A small ball is projected with speed $16\;\mathrm{m/s}$ at an angle of $45^\circ$ above the horizontal from a point on the horizontal ground. Calculate the period of time before the ball lands, for which the speed of the ball is less than $12\;\mathrm{m/s}$. ($g=10\;\mathrm{m/s^2}$)

I have calculated the answer to be 0.8 seconds. Then I checked the “mark scheme” and the example solution was:

$$v^2 = 12^2-(16\cos(45))^2 \implies v=4$$ $$-4=4-gt \implies t=0.8 s$$

I could not figure out what exactly they were doing. What am I missing?

Answer 1

Its something like this:

Let $v$ be the vertical component of the velocity of the ball when its net velocity is 12m/s.

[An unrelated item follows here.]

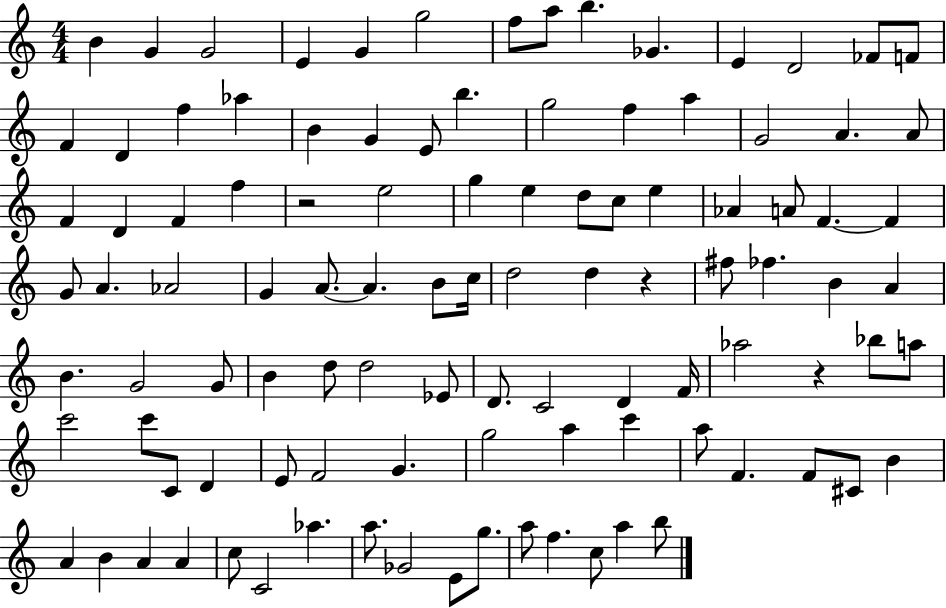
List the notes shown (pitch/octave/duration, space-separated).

B4/q G4/q G4/h E4/q G4/q G5/h F5/e A5/e B5/q. Gb4/q. E4/q D4/h FES4/e F4/e F4/q D4/q F5/q Ab5/q B4/q G4/q E4/e B5/q. G5/h F5/q A5/q G4/h A4/q. A4/e F4/q D4/q F4/q F5/q R/h E5/h G5/q E5/q D5/e C5/e E5/q Ab4/q A4/e F4/q. F4/q G4/e A4/q. Ab4/h G4/q A4/e. A4/q. B4/e C5/s D5/h D5/q R/q F#5/e FES5/q. B4/q A4/q B4/q. G4/h G4/e B4/q D5/e D5/h Eb4/e D4/e. C4/h D4/q F4/s Ab5/h R/q Bb5/e A5/e C6/h C6/e C4/e D4/q E4/e F4/h G4/q. G5/h A5/q C6/q A5/e F4/q. F4/e C#4/e B4/q A4/q B4/q A4/q A4/q C5/e C4/h Ab5/q. A5/e. Gb4/h E4/e G5/e. A5/e F5/q. C5/e A5/q B5/e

Then $$ v^2 + (16cos(45))^2 = 12^2$$ because the horizontal component of velocity is unchanged ($=16cos(45)$).

Finally, apply the familiar $$v = u + at$$ equation to compute the time for which the vertical component of velocity of the ball is less than $v$. This will be the time during which the vertical velocity changes from $+v$ to $-v$. (Keep in mind that the vertical component has initially a very large positive value, it slows down, reaches $+v$, goes to zero, then starts increasing in negative magnitude during it which it reaches $-v$ and then starts becoming even mrore negative.)